#### [AIM OF THE TASK]
What are the lines from the top of the entries below through the line containing "Diyarbakır’da minik öğrencilere"? Return them exactly, both ends included, without the pictures.
──────── RECORDS FOR PROCESSING
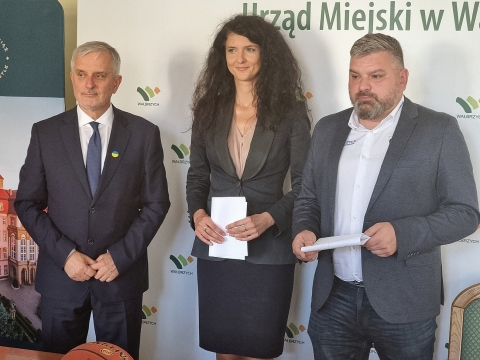 Historyczny moment - Zamek Książ sponsorem tytularnym koszykarskiego Górnika Wałbrzych - 3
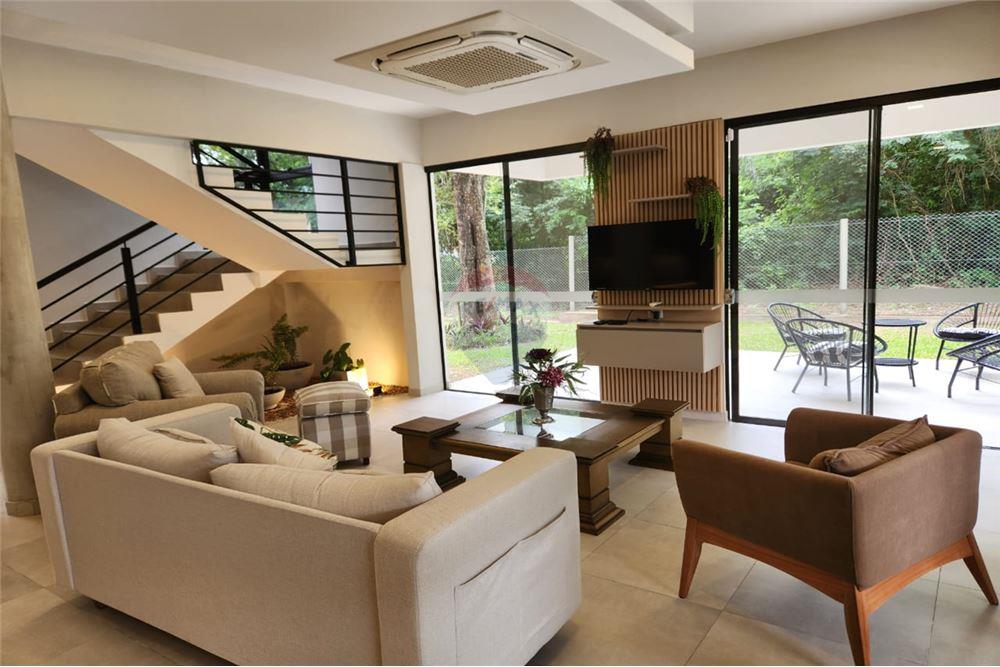 CASA AMOBLADA MODERNA MINIMALISTA — foto 2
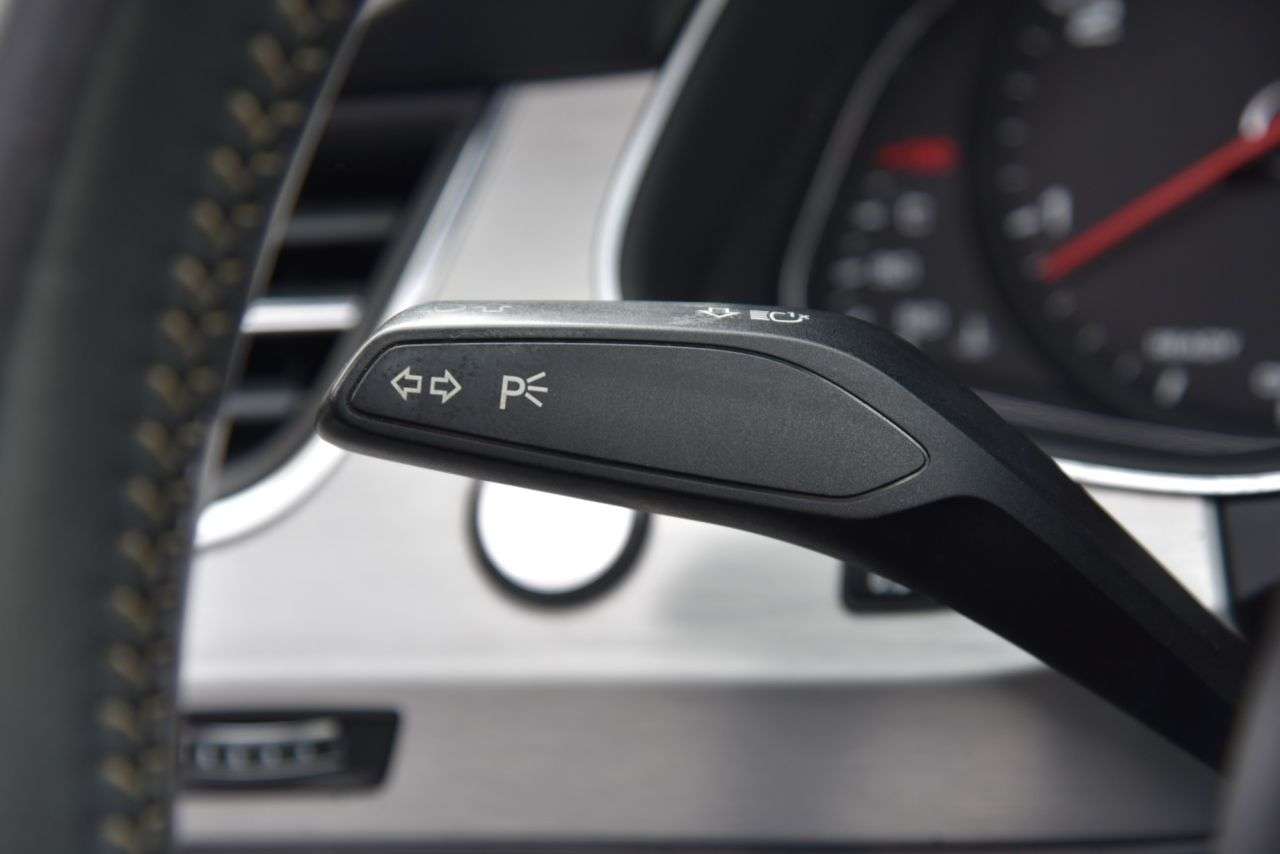 2015 AUDI Q7 2015 AUDI Q7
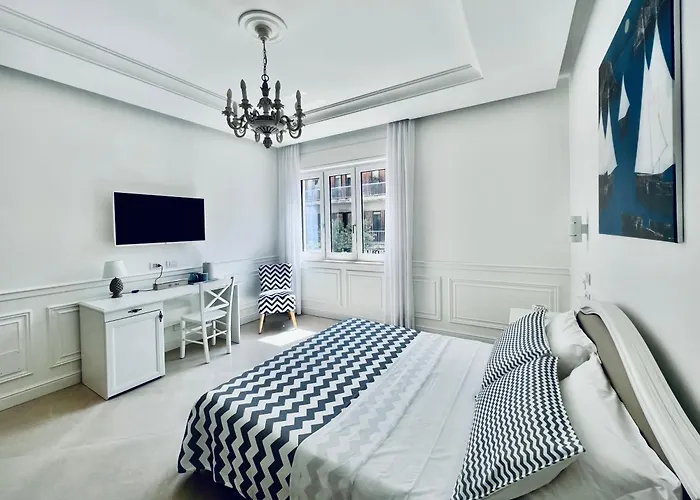Πανσιόν Palazzo Mauro Luxury 4*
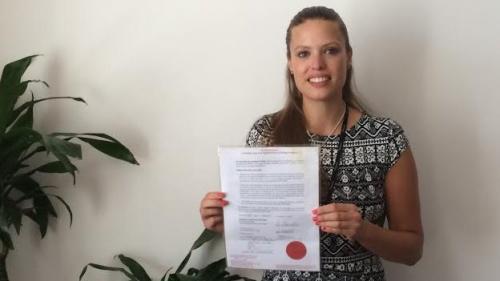 勞拉·E·S·馬修斯的護照簽名欄用的是L.Skywalker（L.天行者）。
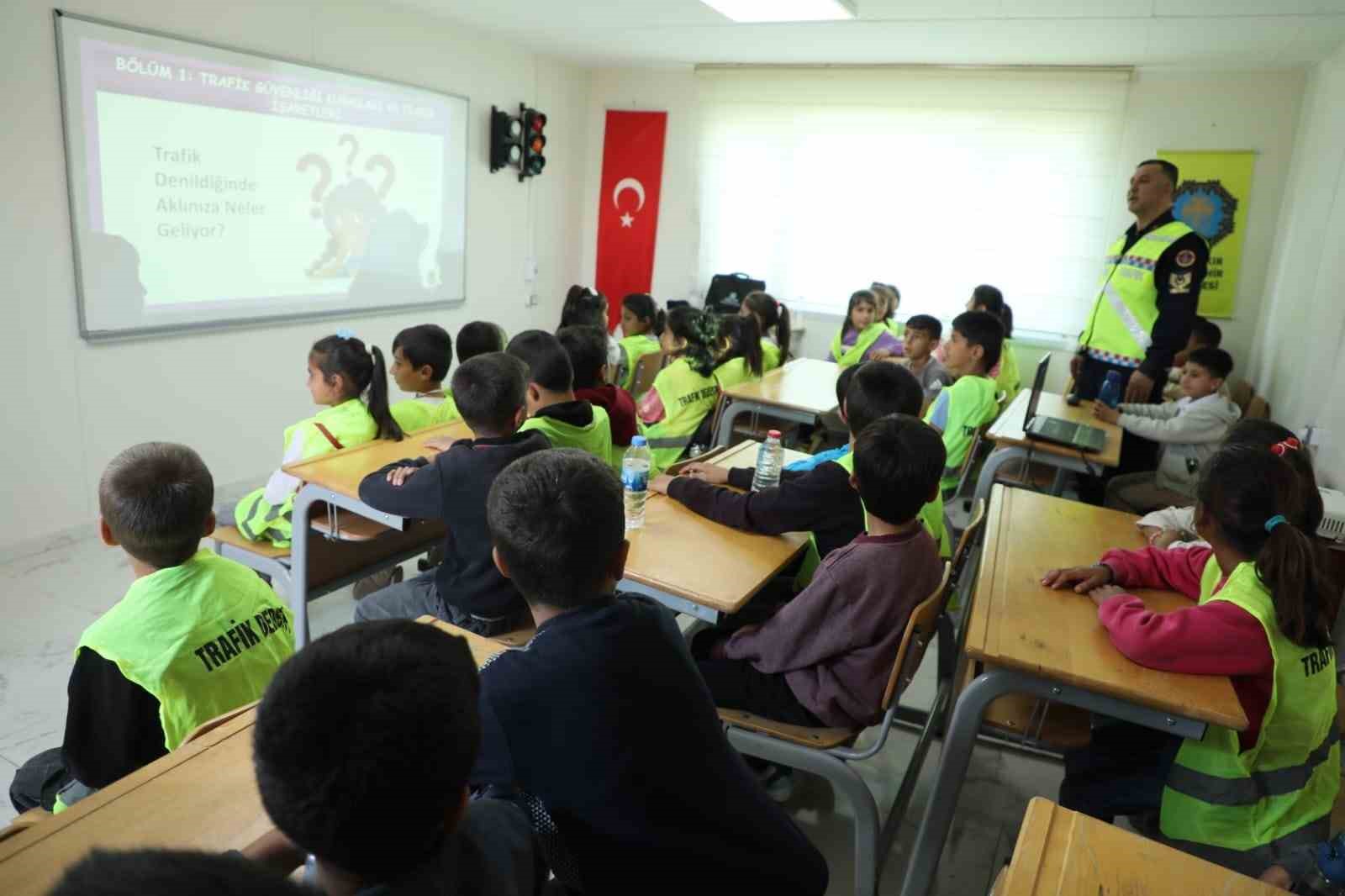 Diyarbakır’da minik öğrencilere uygulamalı trafik eğitimi verildi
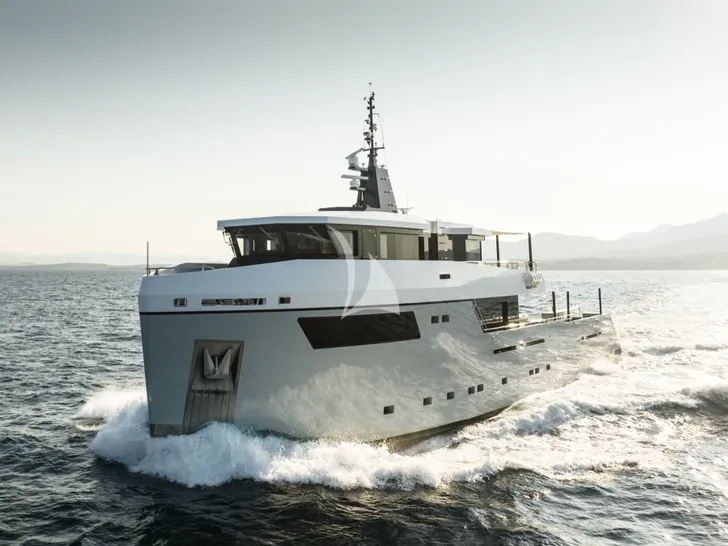 FOX Pendennis 34m - cruising bow view FOX Pendennis 34m - cruising bow view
────────────────
#### [YOUR RESPONSE]
 Historyczny moment - Zamek Książ sponsorem tytularnym koszykarskiego Górnika Wałbrzych - 3
 CASA AMOBLADA MODERNA MINIMALISTA — foto 2
 2015 AUDI Q7 2015 AUDI Q7
Πανσιόν Palazzo Mauro Luxury 4*
 勞拉·E·S·馬修斯的護照簽名欄用的是L.Skywalker（L.天行者）。
 Diyarbakır’da minik öğrencilere uygulamalı trafik eğitimi verildi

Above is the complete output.